= Material for the task =
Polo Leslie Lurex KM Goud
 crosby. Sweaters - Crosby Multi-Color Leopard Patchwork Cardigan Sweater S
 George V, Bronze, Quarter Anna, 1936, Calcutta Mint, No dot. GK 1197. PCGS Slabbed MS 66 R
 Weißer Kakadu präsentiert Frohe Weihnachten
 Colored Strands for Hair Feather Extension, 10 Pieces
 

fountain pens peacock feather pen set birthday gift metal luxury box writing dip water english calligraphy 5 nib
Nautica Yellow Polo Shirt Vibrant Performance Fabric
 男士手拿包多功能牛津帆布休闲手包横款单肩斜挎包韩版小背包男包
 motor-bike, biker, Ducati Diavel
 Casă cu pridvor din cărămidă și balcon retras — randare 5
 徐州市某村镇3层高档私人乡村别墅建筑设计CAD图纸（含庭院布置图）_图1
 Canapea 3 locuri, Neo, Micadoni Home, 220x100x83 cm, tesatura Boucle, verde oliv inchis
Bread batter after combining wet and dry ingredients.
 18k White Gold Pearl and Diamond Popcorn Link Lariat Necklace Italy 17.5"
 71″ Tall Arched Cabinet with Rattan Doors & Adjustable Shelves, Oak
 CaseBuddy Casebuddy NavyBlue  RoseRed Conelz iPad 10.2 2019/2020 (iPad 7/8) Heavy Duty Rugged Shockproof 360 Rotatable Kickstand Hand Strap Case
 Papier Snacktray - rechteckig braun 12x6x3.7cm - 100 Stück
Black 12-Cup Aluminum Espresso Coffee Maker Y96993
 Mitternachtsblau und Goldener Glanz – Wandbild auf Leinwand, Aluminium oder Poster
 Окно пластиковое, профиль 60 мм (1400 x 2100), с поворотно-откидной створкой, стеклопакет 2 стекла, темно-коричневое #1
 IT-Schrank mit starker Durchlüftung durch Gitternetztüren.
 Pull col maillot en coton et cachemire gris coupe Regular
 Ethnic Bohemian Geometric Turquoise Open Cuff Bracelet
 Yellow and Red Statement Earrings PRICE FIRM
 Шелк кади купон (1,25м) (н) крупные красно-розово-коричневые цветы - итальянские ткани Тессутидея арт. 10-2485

= Requirement =
The lines from the one holding "18k White Gold" to the last line of the entries, both included: retype them exactly and give nothing else.

= Answer section =
 18k White Gold Pearl and Diamond Popcorn Link Lariat Necklace Italy 17.5"
 71″ Tall Arched Cabinet with Rattan Doors & Adjustable Shelves, Oak
 CaseBuddy Casebuddy NavyBlue  RoseRed Conelz iPad 10.2 2019/2020 (iPad 7/8) Heavy Duty Rugged Shockproof 360 Rotatable Kickstand Hand Strap Case
 Papier Snacktray - rechteckig braun 12x6x3.7cm - 100 Stück
Black 12-Cup Aluminum Espresso Coffee Maker Y96993
 Mitternachtsblau und Goldener Glanz – Wandbild auf Leinwand, Aluminium oder Poster
 Окно пластиковое, профиль 60 мм (1400 x 2100), с поворотно-откидной створкой, стеклопакет 2 стекла, темно-коричневое #1
 IT-Schrank mit starker Durchlüftung durch Gitternetztüren.
 Pull col maillot en coton et cachemire gris coupe Regular
 Ethnic Bohemian Geometric Turquoise Open Cuff Bracelet
 Yellow and Red Statement Earrings PRICE FIRM
 Шелк кади купон (1,25м) (н) крупные красно-розово-коричневые цветы - итальянские ткани Тессутидея арт. 10-2485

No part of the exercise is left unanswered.